In the Western wisdom tradition, there is a recurrent theme of humanity’s self-forgetfulness. We find it, for example, in Plato, in the Corpus Hermeticum, in Boethius’s The Consolation of Philosophy and in Gnostic texts such as the Hymn of the Pearl. This self-forgetfulness is a forgetting of our spiritual origins, and of the fact that human nature has a transcendent source. The person we ordinarily identify with is not the totality of who we are. This totality includes a spiritual kernel of which we are for the most part unconscious, and yet is nevertheless the foundation of our being, and our relationship to it is the secret of true happiness.

The wisdom traditions of both West and East have perennially sought to inculcate awareness of this spiritual kernel, in order to counteract the tendency of humans of all cultural epochs to forget and to neglect our spiritual origins.

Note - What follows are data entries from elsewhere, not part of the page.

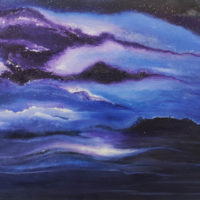 Painting The Shining Of The Moon. Buy at the best price.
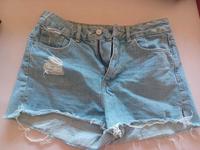 Damen Jeansshorts Schleswig-Holstein - Wewelsfleth Vorschau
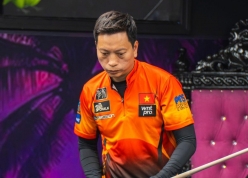 Dương Quốc Hoàng dễ dàng vào vòng knock-out European Open 2026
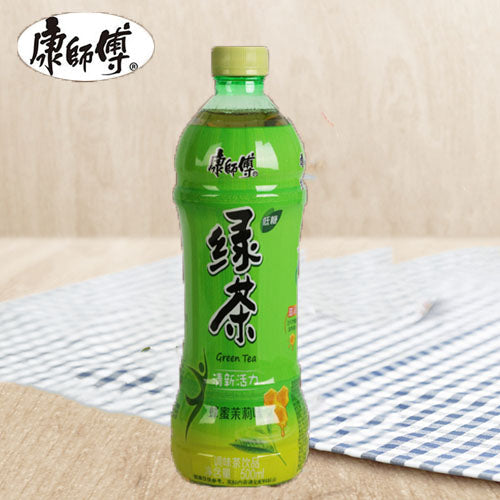 康師傅 緑茶 500ml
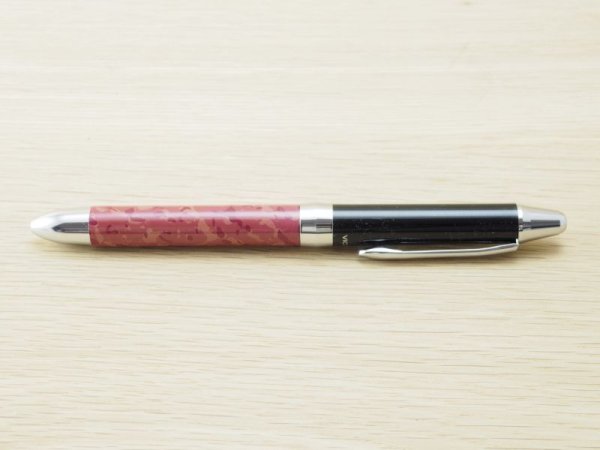 画像4: 唐塗　トリプルペン (ブルー、ピンク）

But where we today differ from cultures of the past is that not only do we suffer from the forgetfulness that is part of the human condition, but we also pay scant attention to the wisdom traditions that seek to rouse us to remembrance.

Instead, the whole thrust of contemporary culture is towards distraction, fragmentation and dispersion of consciousness. The Digital Revolution has carried this tendency to an extreme, so much so that if we had deliberately set out to design technologies to induce the distractedness and self-forgetfulness that traditional spirituality has always endeavoured to save us from, then we could hardly have done better. This in turn has led to many of us failing to notice just how corrosive these developments can be to the essential human task of remembering the totality of who we are.

But as well as inducing distractedness and self-forgetfulness, our technologies are the vehicles of something else, potentially far more detrimental to our wellbeing.

The Inhuman

Towards the end of his life, the post-modernist thinker Jean-François Lyotard formulated a question that haunts the times we live in. It lurks beneath the surface of our consciousness, for most of us unarticulated and for that reason all the more menacing. Lyotard had the sensitivity to understand its profound importance, and hence the need to raise it to conscious awareness.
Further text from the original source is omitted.